Kirche in Not  hat bereits den Wiederaufbau weiterer 110 Häuser in Homs unterstützt. Dies ist jedoch das erste gänzlich ökumenische Projekt, da die 97 Bewerber des Projektes “Jesus ist mein Fels” verschiedenen Konfessionen angehören: Sowohl der katholischen (1 maronitische Familie und 26 griechisch-melkitische Familien) wie auch der orthodoxen (11 griechisch-orthodoxe und 59 syrisch-orthodoxe Familien). Das Wiederaufbaukomitee möchte damit ausdrücklich die Vielfältigkeit der christlichen Kirchen in Syrien widerspiegeln.

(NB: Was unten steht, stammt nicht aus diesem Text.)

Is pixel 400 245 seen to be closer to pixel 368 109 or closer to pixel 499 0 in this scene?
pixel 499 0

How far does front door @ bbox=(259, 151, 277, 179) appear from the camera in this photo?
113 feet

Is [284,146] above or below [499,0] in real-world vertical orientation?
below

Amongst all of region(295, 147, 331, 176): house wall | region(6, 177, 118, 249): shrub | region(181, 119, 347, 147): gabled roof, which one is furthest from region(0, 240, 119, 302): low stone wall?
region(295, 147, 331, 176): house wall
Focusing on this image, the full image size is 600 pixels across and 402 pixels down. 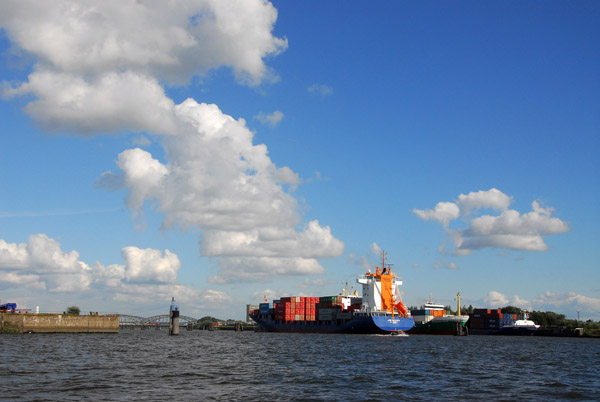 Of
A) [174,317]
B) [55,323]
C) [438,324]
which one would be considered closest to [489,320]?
[438,324]

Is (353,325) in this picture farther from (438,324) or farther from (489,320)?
(489,320)

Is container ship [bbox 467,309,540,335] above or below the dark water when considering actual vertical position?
below

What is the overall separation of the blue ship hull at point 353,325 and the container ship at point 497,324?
49.1 meters

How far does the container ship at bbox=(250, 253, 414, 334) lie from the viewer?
376 ft

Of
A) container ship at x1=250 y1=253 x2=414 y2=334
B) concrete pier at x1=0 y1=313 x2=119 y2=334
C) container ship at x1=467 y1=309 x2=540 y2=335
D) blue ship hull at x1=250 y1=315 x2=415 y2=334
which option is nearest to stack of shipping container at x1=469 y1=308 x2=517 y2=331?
container ship at x1=467 y1=309 x2=540 y2=335

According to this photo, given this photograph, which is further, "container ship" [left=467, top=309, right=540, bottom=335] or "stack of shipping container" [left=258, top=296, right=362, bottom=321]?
"container ship" [left=467, top=309, right=540, bottom=335]

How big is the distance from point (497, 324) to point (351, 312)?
5069 cm

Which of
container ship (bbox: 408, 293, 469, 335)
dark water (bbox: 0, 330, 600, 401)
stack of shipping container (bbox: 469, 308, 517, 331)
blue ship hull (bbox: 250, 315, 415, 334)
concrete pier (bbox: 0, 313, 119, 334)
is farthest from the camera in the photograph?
stack of shipping container (bbox: 469, 308, 517, 331)

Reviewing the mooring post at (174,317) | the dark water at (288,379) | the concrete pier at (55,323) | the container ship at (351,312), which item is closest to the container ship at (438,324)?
the container ship at (351,312)

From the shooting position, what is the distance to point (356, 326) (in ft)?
393

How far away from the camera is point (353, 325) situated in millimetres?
120938

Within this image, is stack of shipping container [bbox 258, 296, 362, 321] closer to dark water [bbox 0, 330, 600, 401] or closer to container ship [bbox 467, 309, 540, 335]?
container ship [bbox 467, 309, 540, 335]

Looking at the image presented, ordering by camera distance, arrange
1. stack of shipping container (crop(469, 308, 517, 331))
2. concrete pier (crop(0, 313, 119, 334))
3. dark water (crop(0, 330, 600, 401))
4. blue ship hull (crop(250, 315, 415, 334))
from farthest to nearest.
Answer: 1. stack of shipping container (crop(469, 308, 517, 331))
2. blue ship hull (crop(250, 315, 415, 334))
3. concrete pier (crop(0, 313, 119, 334))
4. dark water (crop(0, 330, 600, 401))

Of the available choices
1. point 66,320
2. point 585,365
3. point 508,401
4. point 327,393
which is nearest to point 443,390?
point 508,401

Bei der Feier waren der griechisch-melkitische Erzbischof von Homs, Abdo Arbach und der syrisch-orthodoxe Erzbischof Selwanos Boutros Al-Nemeh, anwesend, um die christlichen Familien zu segnen, die im Krieg so viel gelitten haben und um sie für ihr Wiederaufbauprojekt zu ermutigen. Die Arbeiten in Homs werden bald beginnen. Es ist vorgesehen, dass die 97 Häuser bis zum Ende des Sommers fertig sein sollen.

Bei der Feier unterstrich Pater Andrzej Halemba, der Verantwortliche von Kirche in Not für Projekte im Nahen Osten, wie wichtig es ist, im Glauben und mit Gottvertrauen aufzubauen, denn “wenn der Herr nicht das Haus baut, arbeiten die Bauleute vergebens” (Psalm 127, 1). Der Priester rief dazu auf, Gott dankbar zu sein, da Er sich um die Menschen kümmert und bat darum, die Wohltäter von Kirche in Not ins Gebet einzuschließen.

Nach den Feierlichkeiten kommentierte Aziz Al Houri zusammen mit seiner Frau gegenüber der Stiftung Kirche in Not : “Wir danken euch für das, was ihr tut. Wir freuen uns besonders für unsere Kinder. Wir werden in unsere Häuser zurückkehren!”.  Eine junge werdende Mutter drückte ihre Vorfreude aus, in ihrem eigenen Haus, das auch renoviert wird, ein Kind auf die Welt zu bringen. “Wir warten schon sehnlichst darauf, wieder zurückzukehren und, so Gott will, wird dies bald sein”.

Msgr. Abdo Arbach & Msgr. Selwanos Boutros
Al-Nemeh

Die Häuser, die renoviert werden, sind zum Teil beschädigt. Einige Ingenieure untersuchten vor Ort und Haus für Haus, ob die Arbeiten nötig sind. Hala Mashhour, eine junge, ehrenamtliche Architektin, die an diesem Projekt mitarbeitet, , verbarg die Schwierigkeit dieser Unternehmung nicht, unterstrich aber ihre Bedeutung für die örtliche Gemeinschaft. Auch erzählte sie  Kirche in Not , wie froh sie sei, dass sie zum Wohlergehen ihres Landes und, insbesondere auch ihrer Stadt, beitragen könne: “Ich bin von diesem Projekt begeistert, da ich Homs quasi mit einem «neuen Gesicht» und seiner wiedergewonnenen Schönheit sehen möchte”. Ihre eigene Familie wohnt zurzeit in Miete in einer kleinen Wohnung für sechs Personen, die um die 50 Dollar (25.000 SYP) im Monat kostet.

Homs ist die drittgrößte Stadt Syriens. Diese strategisch wichtige Stadt war jahrelang Zentrum der Kämpfe zwischen der Regierung und Oppositionskräften. Der Krieg in Syrien ist noch nicht zu Ende, aber die Zustände bessern sich und das tägliche Leben in Homs normalisiert sich. Es gibt in Homs noch einige Gemeinden, die in Trümmern liegen, seit sie zerstört wurden, wie zum Beispiel der Stadtteil Al Hamidieyh.

97 Häuser sind keine große Anzahl im Vergleich mit all denen, die neu aufgebaut werden müssten, aber es ist ein Hoffnungszeichen. Unterstützung wird bevorzugt christlichen Familien verschiedener Riten und Konfessionen gewährt, deren finanzielle Situation sehr schlecht ist und die nicht nur die Miete nicht zahlen können, sondern oft von der Wohltätigkeit der Kirche leben. Die Christen möchten in ihre Häuser zurückkehren und dies ist ein konkretes Zeichen, dass in Homs wieder eine christliche Gemeinde entstehen wird. Viele von ihnen wünschen sich sehnlichst, zurückzukehren und einige warten in der Tat nur auf das Ende des Schuljahres, um dies zu tun. Deshalb ist es so wichtig, ihnen dabei zu helfen, ihre zerstörten Häuser wieder neu aufzubauen.